La eternidad... El concepto está delante; tiene que ser enfrentado inescapablemente; ni el más ferviente creyente, ni el más enconado ateo dispone de atajos que le permitan evadirlo; sin embargo por más esfuerzo que ambos hagan no hay modo en que se pueda comprender.
Que algo no termine nunca cabe en nuestra imaginación. Que algo pueda surgir hoy y no acabarse jamás se puede aceptar. Para algo así el hombre creó la palabra sempiterno que describe lo que tiene principio y no fin. Pero lo eterno, esa condición que supone algo sin principio, eso no cabe en la más mística imaginación, como tampoco en la más exaltada abstracción filosófica. Lo eterno se puede describir, pero no se puede comprender.
La eternidad es un llamado a la humildad humana. Tal postura es la única coherente frente a ella. Si es creyente aceptará que nuestro Dios es eterno; pero cómo entenderlo; como pensar que siempre existió nuestro buen Dios de amor. Si es ateo aceptará que la materia siempre existió; pero cómo entender un algo así; ¿qué era antes del antes?

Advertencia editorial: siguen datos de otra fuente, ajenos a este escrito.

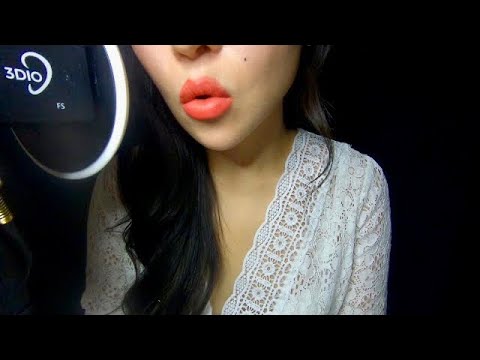 ASMRㅣ마릴린 먼로 컨셉ㅣ입소리(리킹,뽀뽀)ㅣMarilyn Monroe ConceptㅣMouth Sounds(Licking, Kisses)ㅣ口音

No importa la postura que el hombre adopte en materia de fe, ahí está el gran incomprensible que lo humilla: la eternidad. Podremos ir al cosmos y descender a la Fosa de las Marianas; podremos lograr pasmosos modelos teóricos del mundo físico con los aceleradores de partículas; podremos mapear el código genético de todos los seres vivos, eso y mucho más; pero, por grandes y asombrosos que sean los logros del genio humano, algo permanecerá siempre ante él como una verdad desafiante e incomprensible: la eternidad.